### THE RECORDS

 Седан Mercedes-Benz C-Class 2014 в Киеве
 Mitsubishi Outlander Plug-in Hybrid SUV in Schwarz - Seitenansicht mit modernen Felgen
---
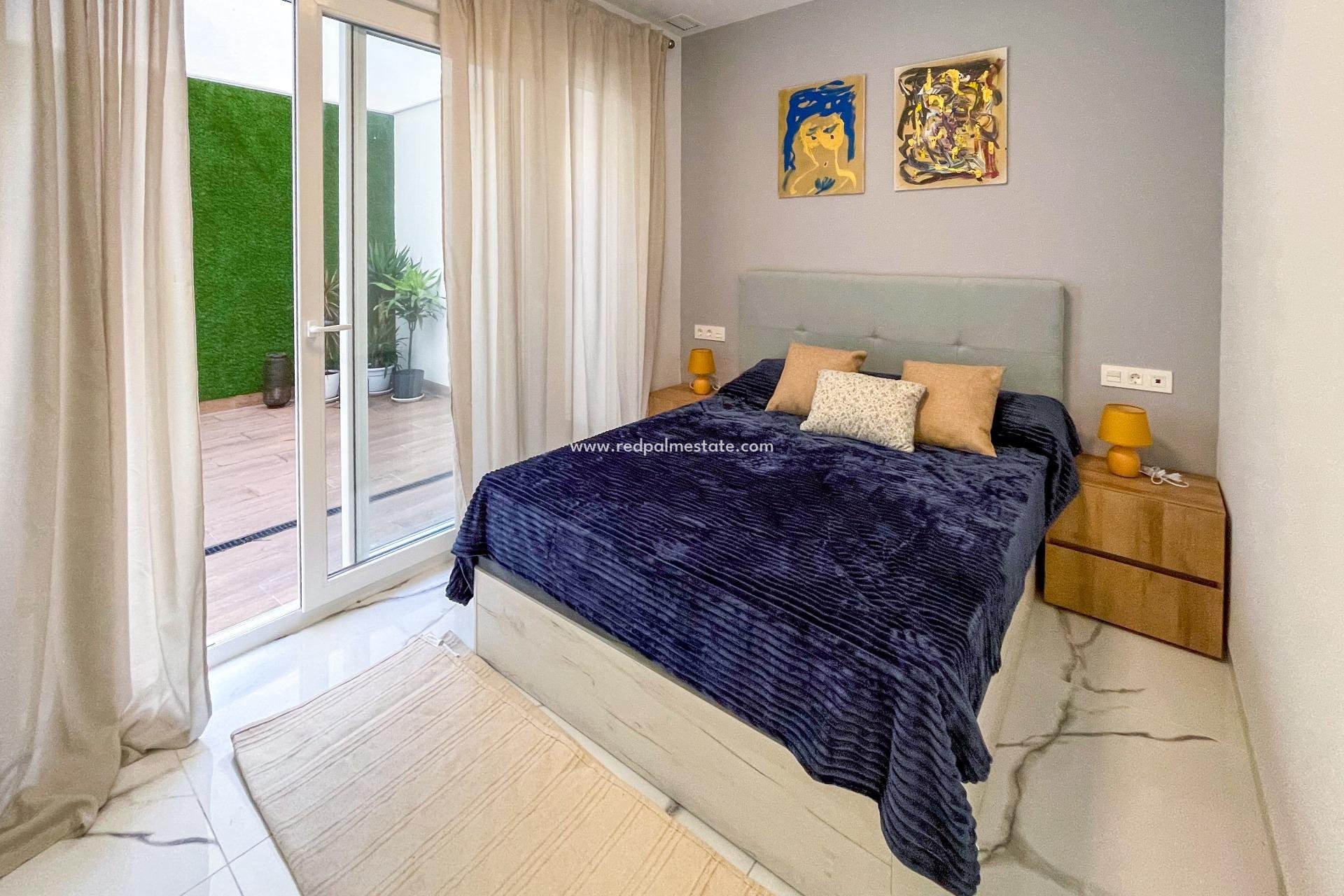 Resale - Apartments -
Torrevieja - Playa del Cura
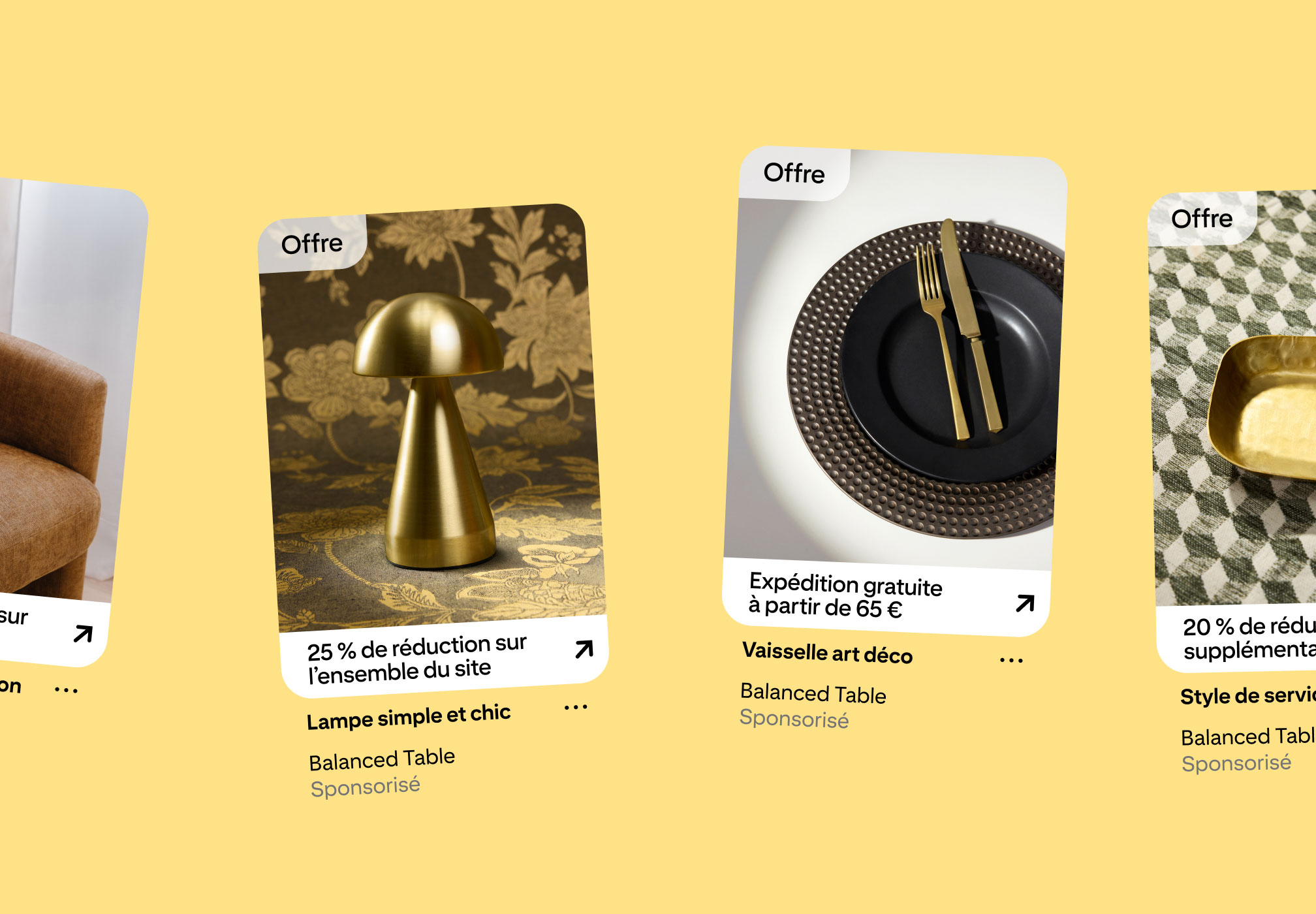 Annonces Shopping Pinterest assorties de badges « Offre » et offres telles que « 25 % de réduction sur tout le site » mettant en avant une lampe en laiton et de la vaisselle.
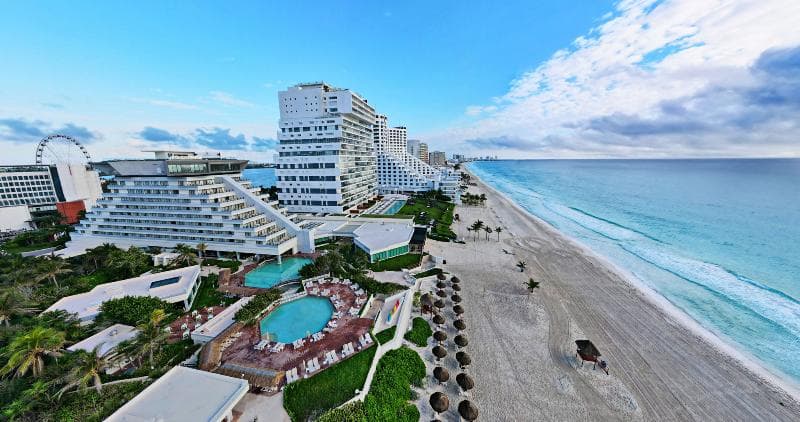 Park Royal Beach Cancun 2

### EXERCISE INSTRUCTIONS
Set down word for word the lines above from the one with "Resale - Apartments" up to and including the one with "Park Royal Beach Cancun 2". Omit every picture.

### ANSWER FOR THE TASK
 Resale - Apartments -
Torrevieja - Playa del Cura
 Annonces Shopping Pinterest assorties de badges « Offre » et offres telles que « 25 % de réduction sur tout le site » mettant en avant une lampe en laiton et de la vaisselle.
 Park Royal Beach Cancun 2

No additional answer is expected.